I find the first part of the explanation rather puzzling. According to the post, the old way of writing the software was like so:
In 1980, computer engineering was based on starting with clearly-defined things (primitives or small programs) and using them to build larger things that ended up being clearly-defined. Composition of these fragments was the name of the game.
And the new way of writing software is described as:
However, nowadays, a real engineer is given a big software library, with a 300-page manual that’s full of errors. He’s also given a robot, whose exact behavior is extremely hard to characterize (what happens when a wheel slips?). The engineer must learn to perform scientific experiments to find out how the software and hardware actually work, at least enough to accomplish the job at hand.
Huh? Now perhaps I'm not a real engineer, so my experience doesn't apply. But, how exactly do you write software if you don't start with small working primitives (like unit tested classes, PLT scheme modules, or a PHP library script)? Isn't taking a complex problem and breaking it down into testable/reliable chunks a fundamental principal of writing software?
And yes, nowadays a programmer does typically start with a large API. But I'd hardly say that they are "full of errors." Sure, there may be some issues with the Google Finance API or JDK, but I'd hardly say that the main issue a programmer has is these errors. And besides, thanks to Forum Effect - any issue you have has most likely already been discussed on a forum somewhere, and is just a Google search away.
And yes, it's critical that a programmer learns to run little experiments - but that process is essentially debugging and has certainly been required since the 1980's, if not since the days of ENIAC.

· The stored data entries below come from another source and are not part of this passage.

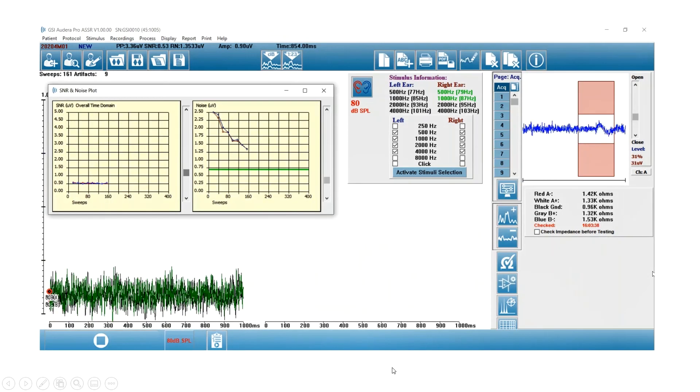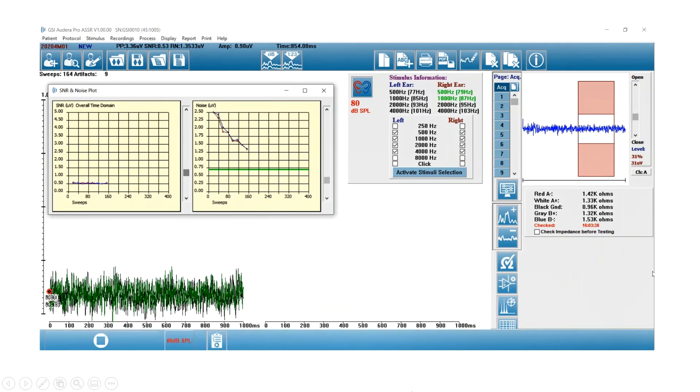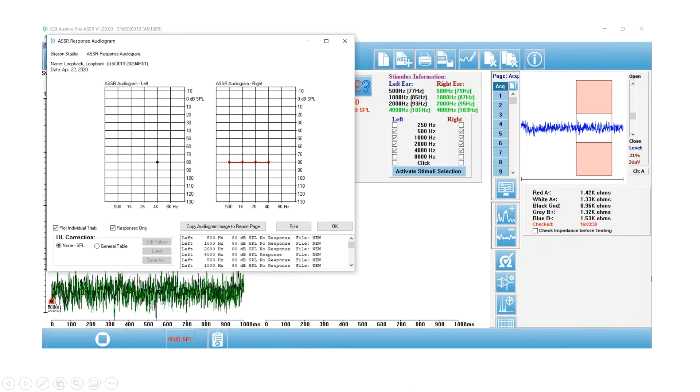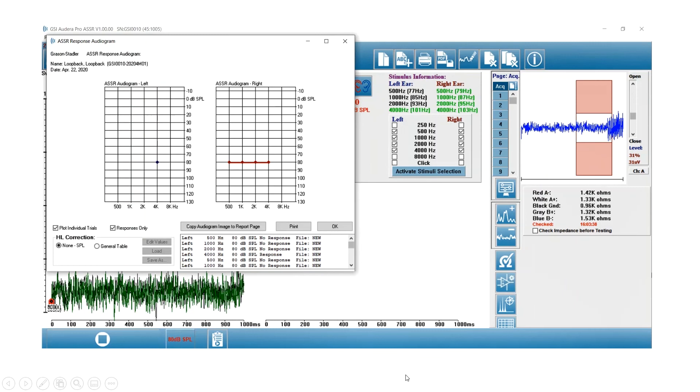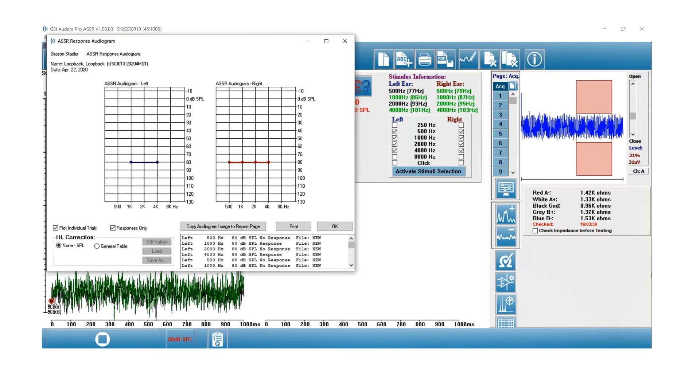And then moving on to the last graph. This is further along in the testing, and now instead of the polar plot, I've launched the audiogram.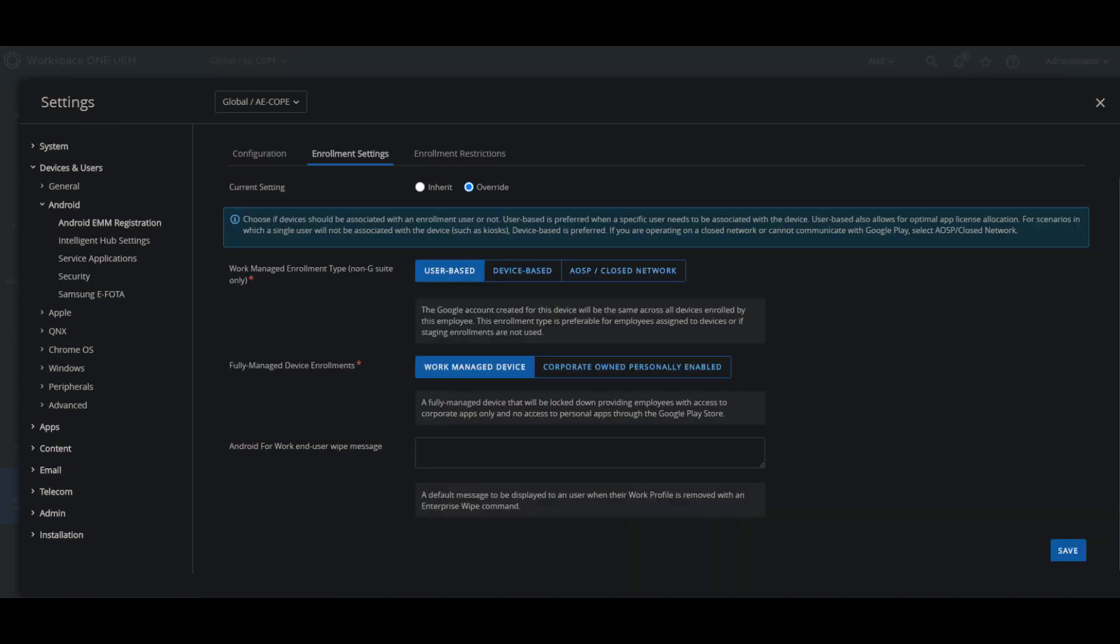Now before we get into the enrollment settings, let's talk a little bit about the difference between work profile and work managed device modes. The work profile will be a special type of administrator that's going to be primarily for a bring your own device or BYOD use case.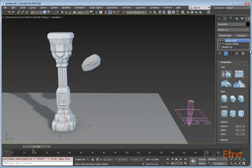Hello, in this video I will talk about the Ray-5 widget modifier. On this modifier we can define the dynamic properties for the object which you simulate. The first rollout is the properties rollout, where you can define the type of object.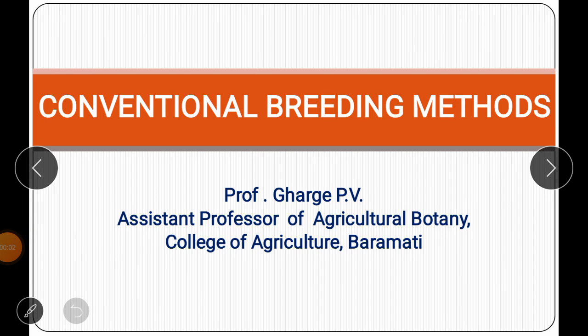Hello students, I am Poonam Gharge, Assistant Professor at College of Agriculture, Baramati. In this lecture, we are going to learn conventional breeding methods.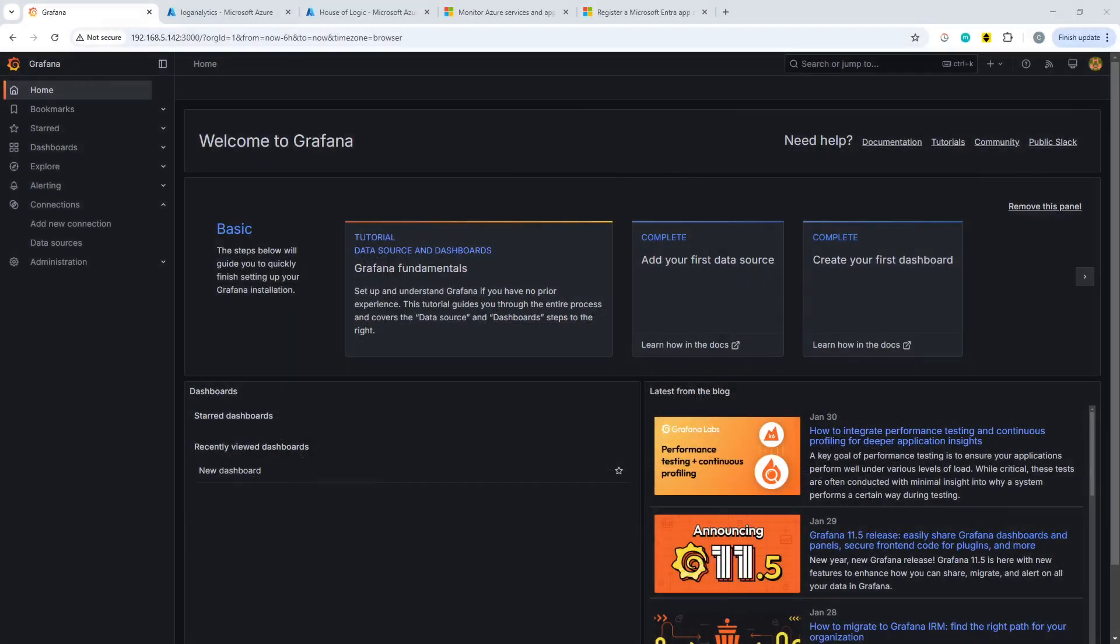In this House of Logic video we're going to connect Grafana up to Azure in order to do some metric monitoring. Now to get started with this, obviously you need to have a Grafana instance. I've got mine installed and I've done this a couple of times. There's a few videos on the channel about this.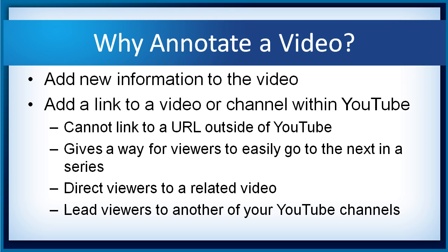But what you can do is give a way for your viewers to go easily to the next video in a series, for example, direct users to a related video, or even take your viewers to another of your YouTube channels that might be related, but they may not yet have found.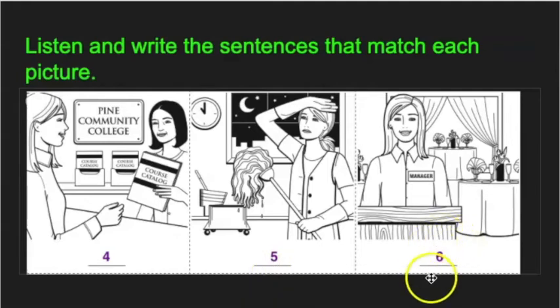And number six, after she graduated, she became the manager of a restaurant. After she graduated, she became the manager of a restaurant.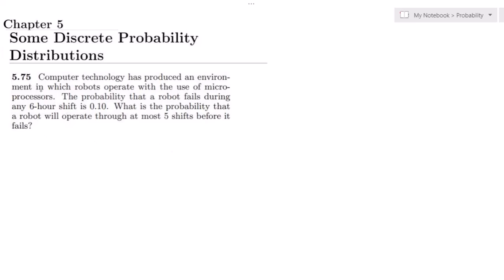Welcome back guys. This is question 5.75. The statement of this question is: computer technology has produced an environment in which robots operate with the use of microprocessors. The probability that a robot fails during any six hour shift is 0.10. What is the probability that a robot will operate through at most five shifts before it fails?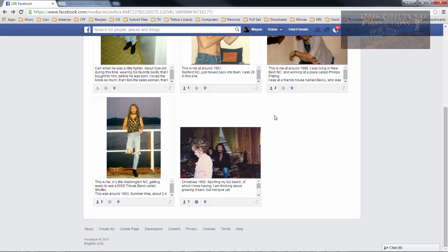If Facebook made it to where you cannot post past, let me see, that would be '93 to 2015, that would be 22 years. If Facebook's going to make it to where we cannot post images and actually put the date that the images were done...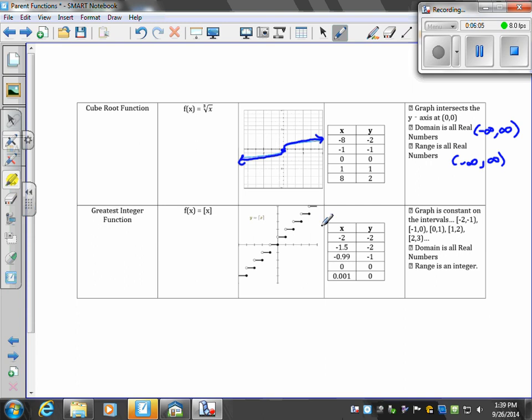The graph is constant on the intervals, meaning it goes straight across. It's constant on those intervals. The domain is all real numbers, and the range is an integer.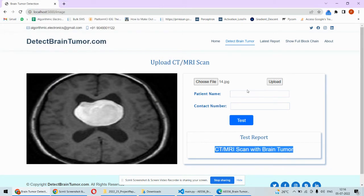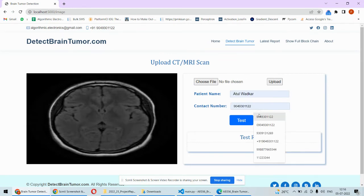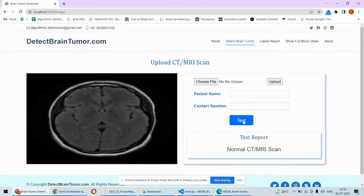For example this image, then you click on the upload, then that image will be uploaded over here and then you type the patient's name and all. So this is normal MRI or CT scan.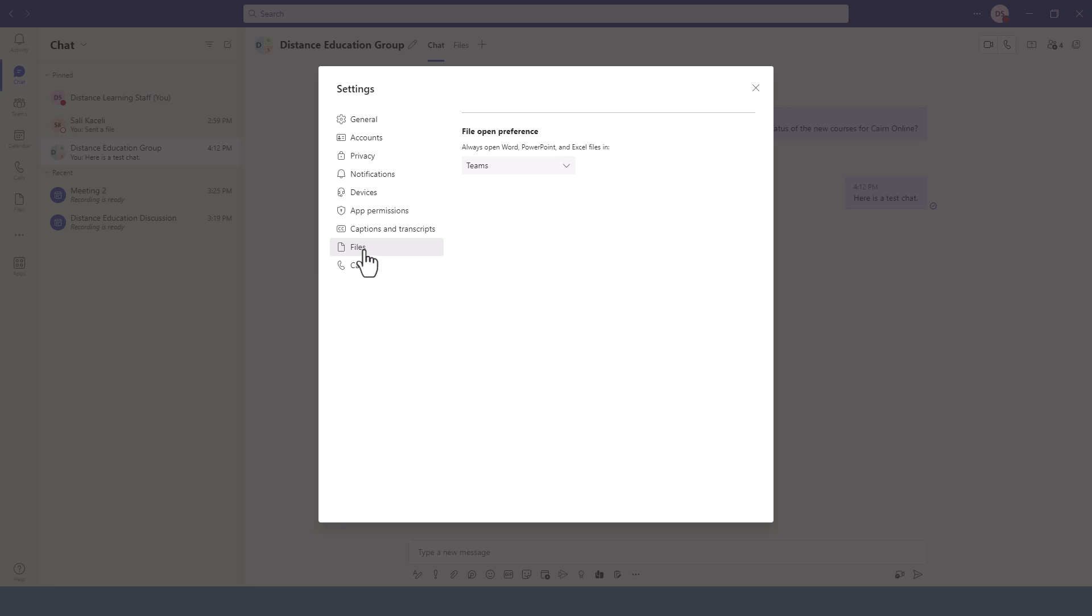Under Files, this is where you can determine which files to open first as your preference - whether you want to browse for the files or you want to use the Teams files option.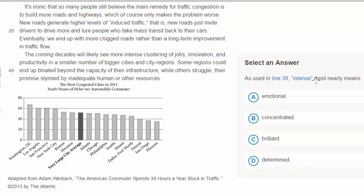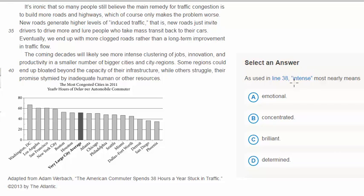This is what's called a vocab in context question. College Board has, for the most part, eliminated a lot of the esoteric vocab that used to be such a hallmark of the test, and now they've replaced it with words in context — words like synergy and empirical that, in theory, will have more applicability to your lives beyond test day.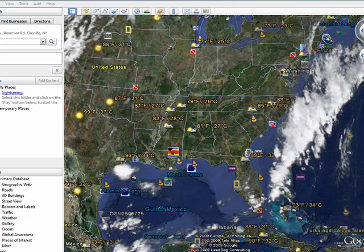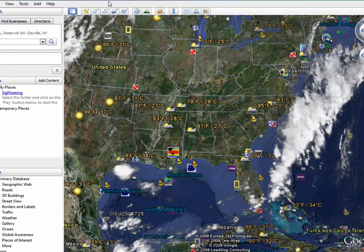Hi, this is Mike Callahan, Dr. FileFinder, and welcome back to our special Butterstache.com 10-part series on Google Earth. In this segment, we're going to look just briefly at Google Earth's ability to interface with your GPS devices.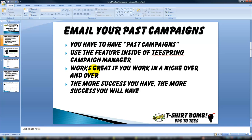This works great in a niche that you work in over and over. So say you work in knitting and you've ran a thousand campaigns in knitting and sold thousands of shirts — this will work so good for you, it's unbelievable. The more success you have, the more success you will have.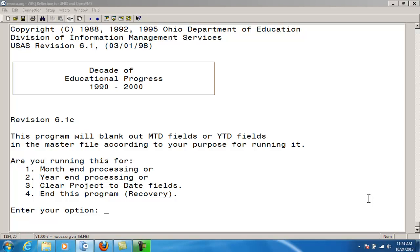Since future purchase order batch files are not meant to be posted until a future processing period, ADJUST will ignore any future purchase order batch files designated for a future month.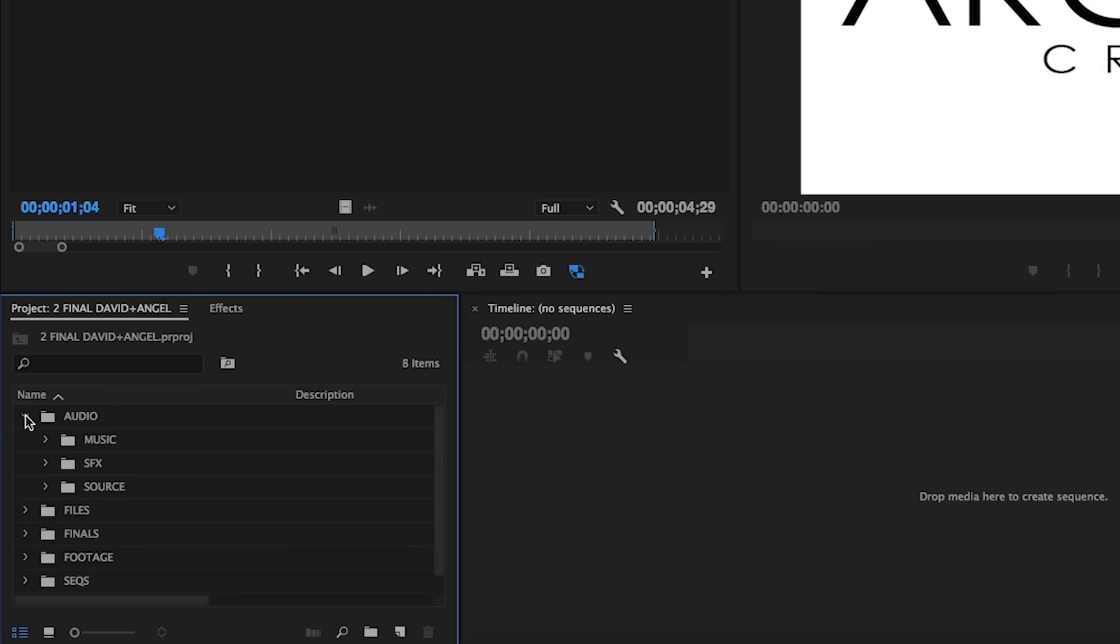This includes three sub bins for sound effects, music, and what we call source audio, which is high-quality audio that's recorded separately from the footage and is usually synced with one or more cameras.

The explanation continues to be a little whacky to me:
The new approach also has the big advantage that it combines computer science with electrical engineering, whereas the old one taught them as entirely separate disciplines. This way, students see how they interrelate.
Again, huh? How is computer science interrelated with electrical engineering? Computer science, to me, is the study of problem solving - not electricity whizzing through CPUs and RAM.
And finally we arrive at the point in the argument that I can appreciate:
There is extensive lab work, making robots and mobile applications.
Aha! By mixing EE and CS, you've put yourself in a position where you can program some hardware - the result is that you're doing something fun, like programming a robot. Instead of doing boring math, you're doing fun robotics.
The Ideal Education
If you ask me (and certainly, nobody in their right mind would), your ideal intro CS eduction should try to balance two competing goals:
- Make programming fun/relevant so folks will want to put up with the pain of learning how to do it well.
- Teach as many good habits, and as few bad habits in the process
MIT, it seems to me, has solved at least part of the above equation. They're doing fun lab work instead of traditional (read: boring) programming. I'm not sure why they think they need to justify the fun by associating it with EE, when you could easily mix programming with finance, music, biology or any other discipline. But hey, robots are cool. Along with the fun, I suppose you can learn good style with Python, so perhaps they have the second point nailed too.
They accomplish goal #1 above by targeting the Android phone platform. Students can write games and apps that make use of the phone's GPS, accelerometer and networking capability among other items. Definitely no boring code here.
They accomplish goal #2 by using a modified version of the Scheme language known as the Beginning Student Language. Because of the rules of the language, students end up with small, easily testable procedures. This starts students down the path of learning important lessons about modularity and debugging, and avoids dependence on global variables or other habits to be unlearned later.
The Moby Scheme project is still in its infancy - but I think the team is really on to something.
So, you heard it here first: MIT went from Scheme to Python, and in a couple of years, will be back to Scheme.